Photo Rag is a cleaner, brighter white – placed side by side the SCNW is a little warmer and murky looking in comparison. Viewed on its own though it is still quite a bright white.
Gamut of the two papers is remarkably similar – I’d say Photo Rag is a fraction better still
with very saturated colours, but this may well be down to the brightness of the surface just giving the paper that much more ‘pop’
Shadow detail is also very similar, I can’t see or measure any perceptible difference
Sharpness is a hair better with the Innova, due to the smoother surface.
The Innova Paper is a little lifeless in comparison – image reproduction is excellent, faultless really, but the paper itself doesn’t really bring anything to the final product. Photo Rag just exudes that little extra bit of quality in its texture, weight, and feel. It’s definitely more
‘Fine Art’ than the Innova paper, which is more traditionally photographic in its smooth, slick look. But to my mind, that is what make Photo Rag so special – it’s perfect balance between fine art paper qualities and fantastic image reproduction with both dye and pigment inks. Of course some would disagree and actually prefer the more clinical look of the Innova Papers.
The Canson Papers offer interesting alternatives to both Hahnemuehle and Innova. Firstly, their canvas is just top notch, easily the best inkjet canvas we’ve found and a really great product – thoroughly recommended. When it comes to their papers, both PhotoGloss and PhotoSatin are excellent, traditional photographic (i.e. gloss or semi-gloss = pearl = ‘matte’) papers that we feel are as good as, in fact better, than anything we’ve tried from Illford, Kodak, and certainly Epson. They’re both very classy photographic style papers, perfect for the wedding and portrait markets for example.
Where Canson really shine are there true fine art papers for reproductions of painting, watercolours and the like. In most cases, they offer the same actual papers as in their watercolour paper ranges, just with an inkjet coating of excellent coatings. This has allowed us, and many of our clients, to reproduce artworks with an almost frightening level of accuracy. When done well, with good colour management, the results can be so similar that from more than a few centimetres away, it is quite simply impossible to pick the original from the reproduction!
Hahnemuehle of course also have numerous papers suitable for fine art reproduction, or simply to add more texture to your Photographic work. William Turner and Torchon are lovely papers, in particular, but the whole range is excellent. Well worth a sample pack if you haven’t tried it yet.
Unfortunately, the Canson approach to paper availability is a bit hit and miss. [In Australia]
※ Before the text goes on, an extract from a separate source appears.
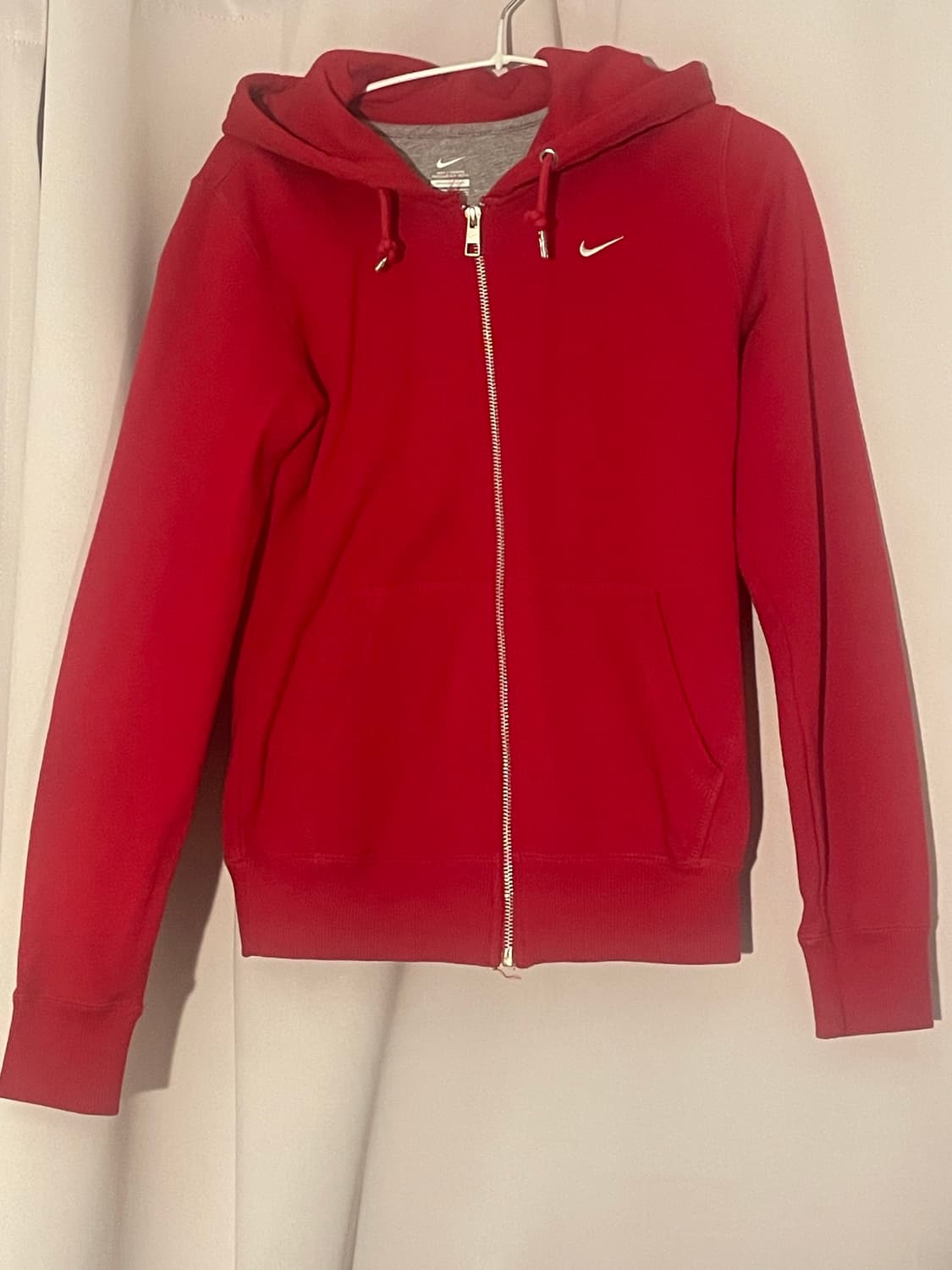 나이키 레드 후드집업 슬림핏 상품이미지1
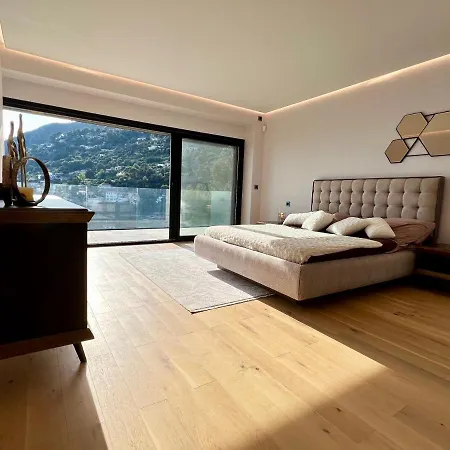 Folie Roquebrune-Cap-Martin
Innova FibaPrint Ultra Smooth Gloss 285gsm is it – the miracle I’ve been waiting for. With deeper blacks than any silver photographic paper left on the market, for me this paper represents a rebirth of the darkroom.” – Doug Menuex – well known US protographer
The Innova paper prints retain the look and feel of a traditional darkroom fibre print – no longer are digital prints limited to the matte watercolour look. FibaPrint Gloss bridges the last major hurdle between traditional darkroom prints and digital photography.
With the Introduction of ther Innova FibaPrint range I have a paper that I am completely satisfied with; the quality is just superb. The combination with the Epson Pro 4800 printer is in my opinion second to none. The paper oozes quality. All prints feel like traditional darkroom fibre print”
“The ink and paper combination I used previously was very delicate and any image with large areas of black had to be handled very delicately. The Innova papers are significantly better in that respect. Recent prints I have done on Innova’s Smooth Cotton High White paper with the Z-series 3200 have produced really vibrant, beautiful images – perfect I would say!”